As Twitter broke on the scene, there was more to post about and gave Gaffin a new medium as a Boston news curator, where he as nearly 12,000 followers and has sent out almost 53,000 tweets.
“The interesting thing about Twitter is it’s just this great news source,” he said. “I post a lot more, partly because of Twitter. When something breaks, before I was relying on blogs and people that don’t tend to do [report] in real time.”
Gaffin said he is still learning the kinks of Twitter, though. While he constantly retweets what people notice around the city (and instinctively tag him in), he will also tweet what he hears over the emergency services scanners. At times there can be a spread of misinformation, and he said the same journalistic principles apply online – verify before reporting.

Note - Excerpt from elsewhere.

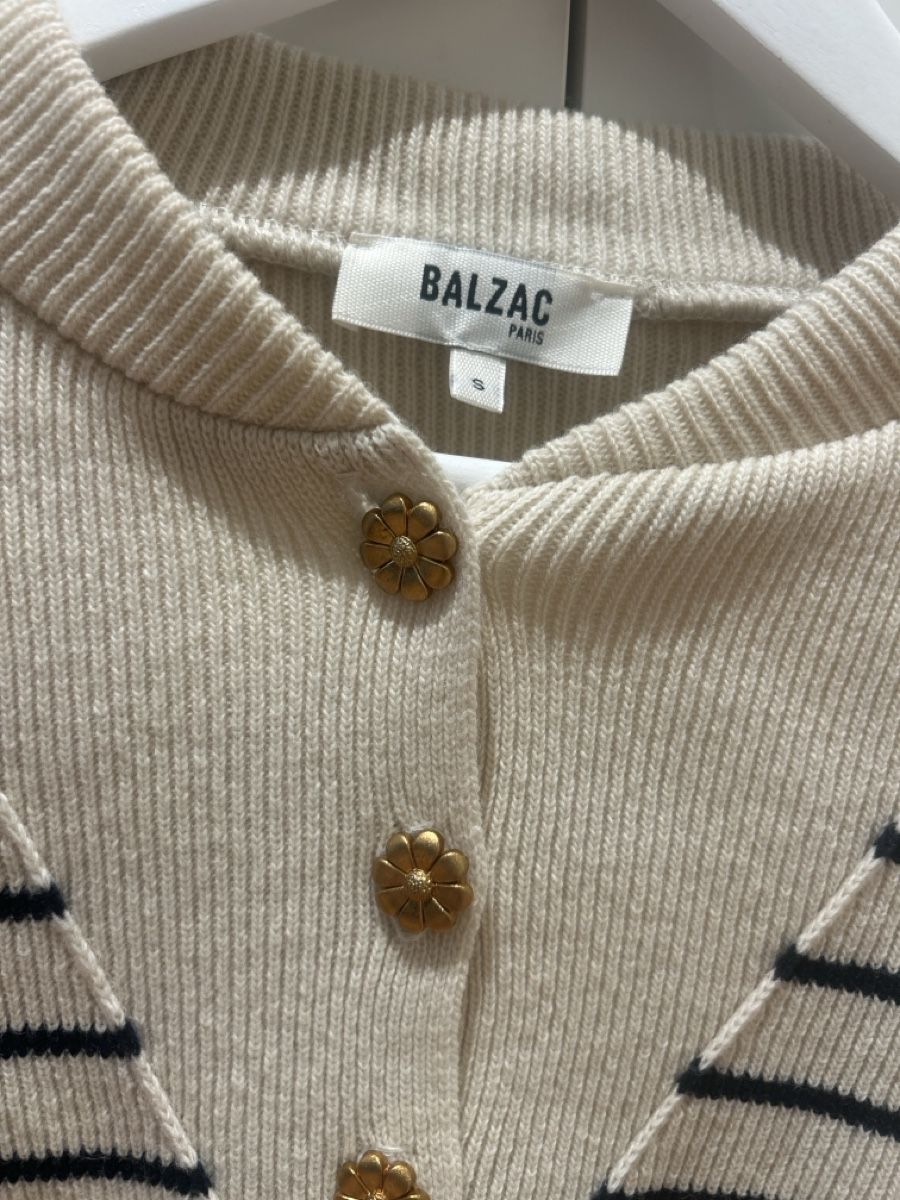Balzac Paris Pullover & Sweatshirts: jumper Balzac Paris 100% wool – Neu (gemäss Beschreibung) aus Bern von jos_xdf8 2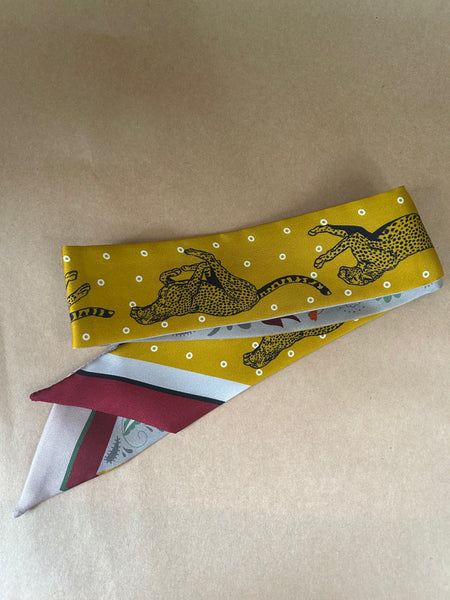 TAK :: Silk Neck Tie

The culture of Twitter has also made way for citizen journalists, allowing Gaffin to sit at home or in a Panera Bread and report what is happening in real time without being on the scene.
“Everyone walks around with a camera now; everyone is essentially a reporter,” he said. “News is a two-way conversation. There’s still a role for editors and journalists because it’s like a wire feed; you’re getting a vast amount of stuff and you still have to filter it.”
With the background of a journalist, Gaffin said he has faced issues trying to monetize the website, and earns his income from not only the website, but helping companies and individuals use the content management system Universal Hub runs on, Drupal. Ideally, he will be able to hire an advertising representative in the future, but that poses the problem of having to pay another person, which he can’t afford to do quite yet.
“The advertising is a completely different skill,” he said. “You have to deal with rejection a lot more. With advertising, you make a lot of calls and knock on a lot of doors.”
Because Gaffin is the only person behind Universal Hub, the site has developed a different feel, focusing on crime and the idiosyncrasies of Boston. He admitted he is a sucker for any animal story, and people will go out of their way to Tweet or email him about it, and his name has become synonymous with Universal Hub.
“He has such a wide readership that people will go to him first,” Keith said. “He has become the de facto source for community led, or community based, media.”